Dayak Tomun, Cerminan Nusantara di Kalimantan

Sekitar 500 tahun lalu, saudagar dari Sumatera Barat singgah di perairan bagian selatan Kalimantan Tengah. Tujuan awal berdagang itu bergeser hingga kemudian menikahi gadis Dayak. Keturunan mereka pun dikenal kemudian sebagai Dayak Tomun, atau dikenal sebagai keturunan tiga kerajaan besar.

Saudagar itu bukan sembarang orang atau sekadar pedagang. Ia adalah keturunan Raja Pagaruyung yang bergelar patih, namanya Malikur Besar Gelar Patih Sebatang Balai Seruang. Ia berlayar ke Kalimantan karena mendengar tentang kejayaan dan kekayaan alam dari negeri Sarang Paruya.

Tujuannya ingin berdagang, dibawanya kekayaan rempah khas Sumatera untuk ditukar. Namun, sesampai di Kalimantan, ia malah terpikat dengan pesona alam Kalimantan.

Sarang Paruya adalah kerajaan yang masyarakatnya merupakan campuran Dayak dan Melayu. Letaknya di barat Kalimantan Tengah, tepatnya di Kabupaten Lamandau, yang berbatasan langsung dengan Nanga Tayap, Kalimantan Barat.

Sang patih pun menetap dan enggan pulang. Ia berjalan-jalan menyusuri sungai dan riam yang indah, seperti Riam Laminding, yang sampai saat ini masih menggunakan nama yang sama dan terletak di Kecamatan Batang Kawa, Lamandau. Di tempat ini, ia menjadi teman Raja Sarang Paruya yang bernama Santomang.

Kompas/DIONISIUS REYNALDO TRIWIBOWO
Bajual bajarupis, salah satu alat transportasi seperti sampan dari bambu yang digunakan masyarakat di Desa Kinipan, Lamandau, Kalteng atau Dayak Tomun.

Tak hanya berteman, Santomang menikahkan Patih Sebatang dengan dayang kerajaan bernama Dayang Ilung. Kecantikannya tak terlupakan Patih Sebatang hingga menjadi alasan ia tak mengikuti kapalnya kembali ke Pagaruyung. Mereka menikah dan memiliki keturunan.

Patih Sebatang diberikan tempat tinggal dan menetap di sebuah wilayah yang ia beri nama Kudangan.
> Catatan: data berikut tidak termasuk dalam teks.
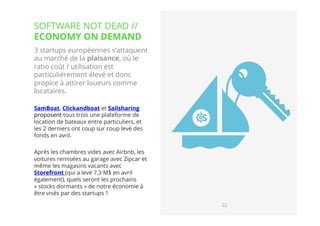 22// !
3 startups européennes s’attaquent
au marché de la plaisance, où le
ratio coût / utilisation est
particulièrement élevé et donc
propice à attirer loueurs comme
locataires. 
SamBoat, Clickandboat et Sailsharing 
proposent tous trois une plateforme de
location de bateaux entre particuliers, et
les 2 derniers ont coup sur coup levé des
fonds en avril.
Après les chambres vides avec Airbnb, les
voitures remisées au garage avec Zipcar et
même les magasins vacants avec
Storefront (qui a levé 7,3 M$ en avril
également), quels seront les prochains
« stocks dormants » de notre économie à
être visés par des startups ?
SOFTWARE NOT DEAD //
ECONOMY ON DEMAND
22
 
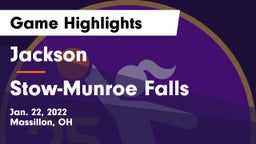Jackson  vs Stow-Munroe Falls  Game Highlights - Jan. 22, 2022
Kudangan memiliki arti tempat yang digemari binatang untuk mandi atau sekadar membersihkan bulu badannya. Hingga kini nama Kudangan masih digunakan sebagai nama ibu kota Kecamatan Delang di Lamandau.

Kompas beberapa kali datang ke Delang dan melihat rumah adat mereka yang memang berbentuk seperti campuran rumah gadang khas Minang dan rumah betang khas Dayak. Seperti di Desa Kubung, rumah betang mereka berukuran panjang lebih kurang 11 meter dengan tinggi 2 meter. Atap rumah adat mereka lancip di dua sisi, tidak seperti betang pada umumnya. Bagian tengah atap agak melengkung seperti rumah gadang.